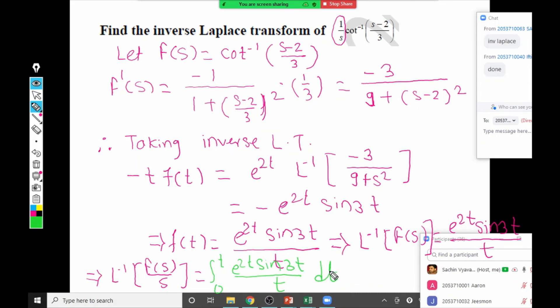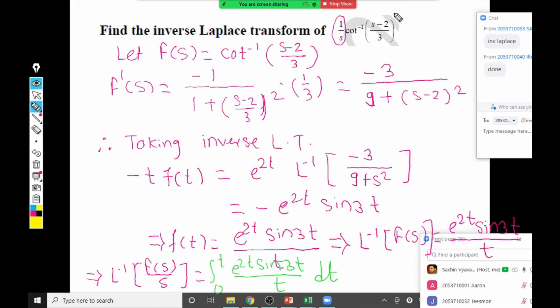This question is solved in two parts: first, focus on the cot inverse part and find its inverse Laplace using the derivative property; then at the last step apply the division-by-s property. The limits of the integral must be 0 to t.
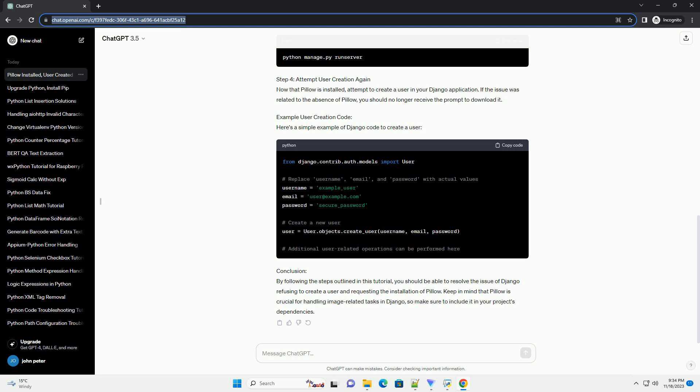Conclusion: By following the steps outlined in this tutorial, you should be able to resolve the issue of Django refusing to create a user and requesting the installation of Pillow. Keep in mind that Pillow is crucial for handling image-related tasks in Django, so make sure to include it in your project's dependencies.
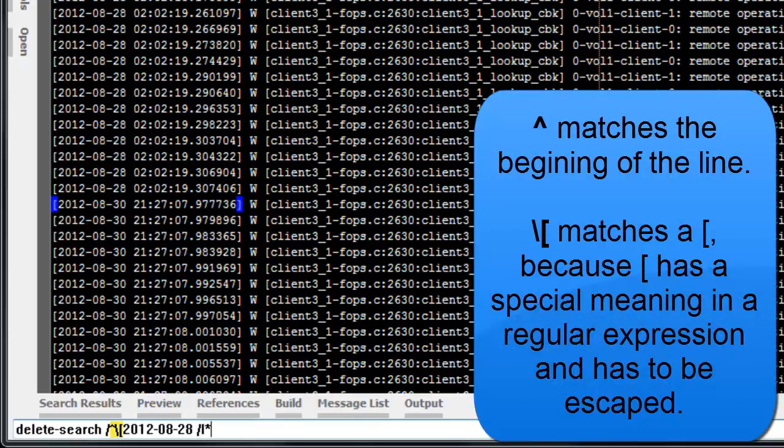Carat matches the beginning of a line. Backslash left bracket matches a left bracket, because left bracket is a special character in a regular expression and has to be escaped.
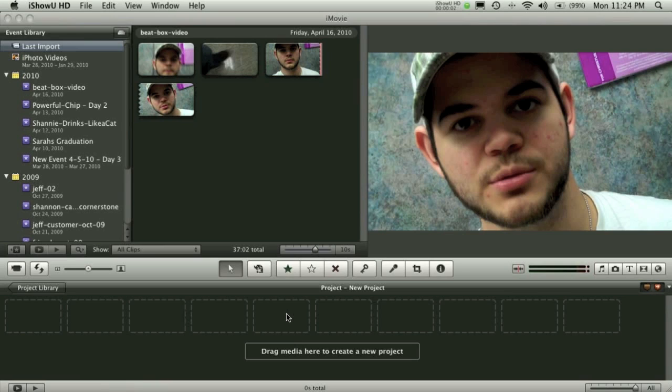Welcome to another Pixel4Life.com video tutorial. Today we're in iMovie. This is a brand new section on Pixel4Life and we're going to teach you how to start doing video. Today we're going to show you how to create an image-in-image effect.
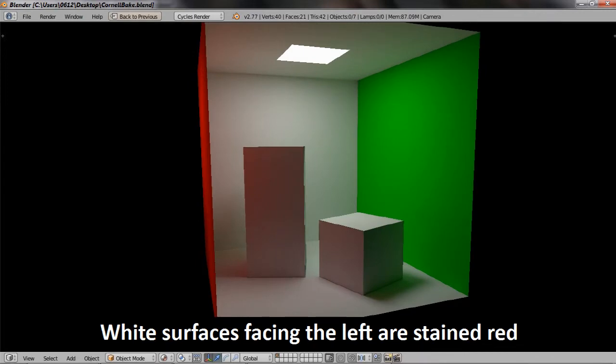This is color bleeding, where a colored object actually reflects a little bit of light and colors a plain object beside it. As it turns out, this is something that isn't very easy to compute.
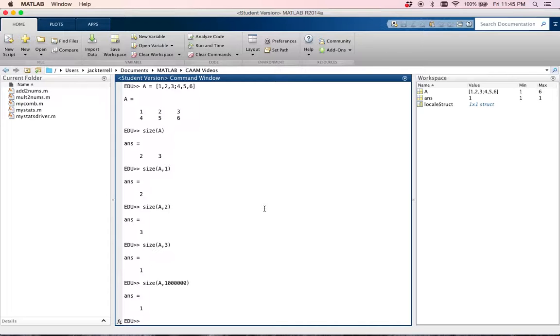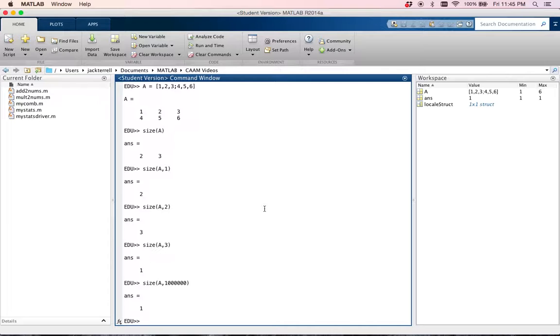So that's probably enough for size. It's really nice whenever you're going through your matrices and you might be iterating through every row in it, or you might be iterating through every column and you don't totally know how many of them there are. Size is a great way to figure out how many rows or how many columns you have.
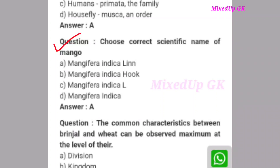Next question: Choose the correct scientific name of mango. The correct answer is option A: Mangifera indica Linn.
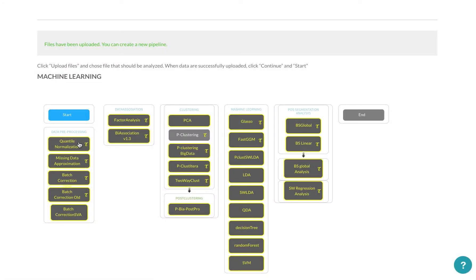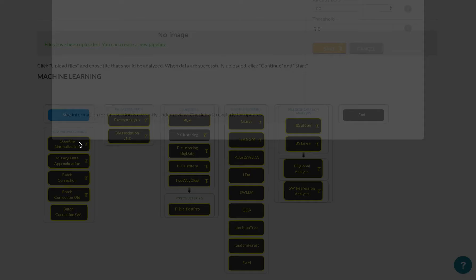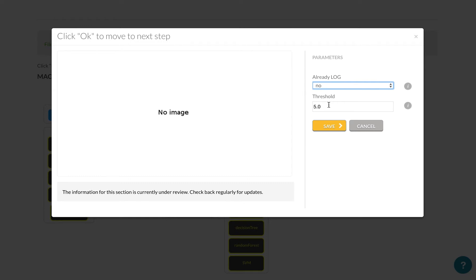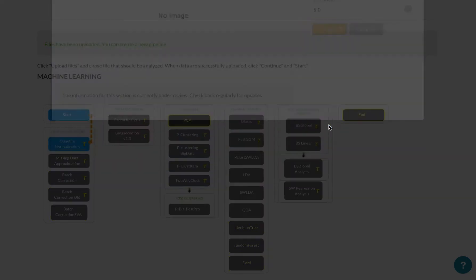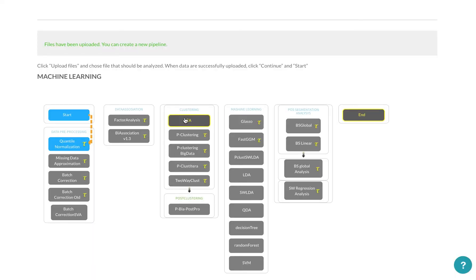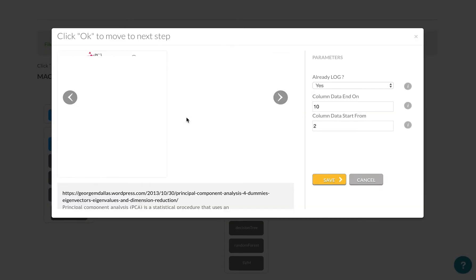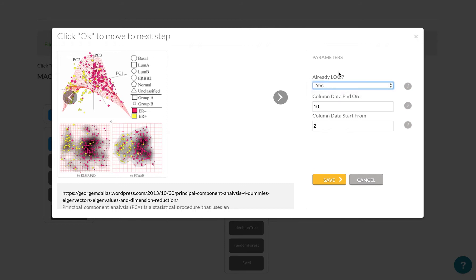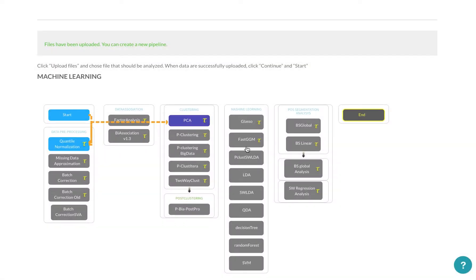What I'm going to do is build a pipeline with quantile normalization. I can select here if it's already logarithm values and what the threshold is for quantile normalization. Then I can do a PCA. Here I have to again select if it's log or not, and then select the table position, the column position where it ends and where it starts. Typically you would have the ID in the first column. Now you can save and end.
---
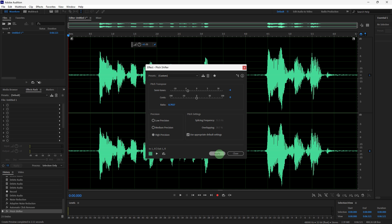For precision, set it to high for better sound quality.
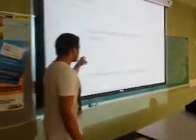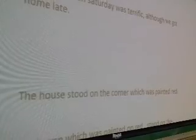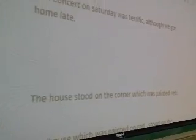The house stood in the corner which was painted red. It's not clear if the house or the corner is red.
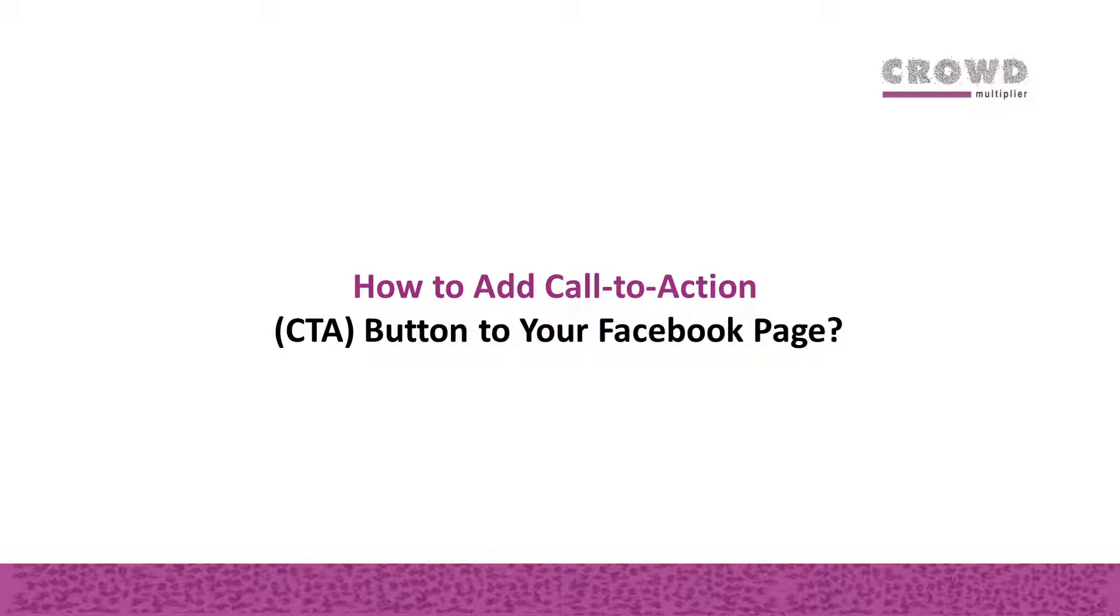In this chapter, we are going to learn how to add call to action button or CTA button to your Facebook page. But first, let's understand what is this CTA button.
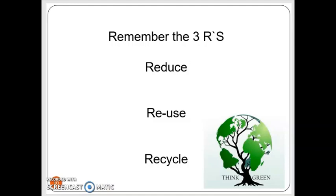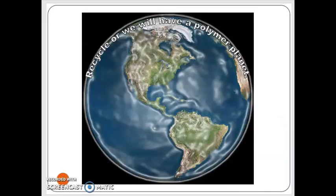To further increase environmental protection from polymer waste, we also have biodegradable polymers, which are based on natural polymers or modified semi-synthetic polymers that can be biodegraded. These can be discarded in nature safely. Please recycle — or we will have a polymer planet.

## Assignment
Above, find the line holding "In this chapter, we" and the line holding "To further increase". Print exactly those two lines and every line between them, but no pictures.

## Response to this exercise
In this chapter, we are going to learn how to add call to action button or CTA button to your Facebook page. But first, let's understand what is this CTA button.
To further increase environmental protection from polymer waste, we also have biodegradable polymers, which are based on natural polymers or modified semi-synthetic polymers that can be biodegraded. These can be discarded in nature safely. Please recycle — or we will have a polymer planet.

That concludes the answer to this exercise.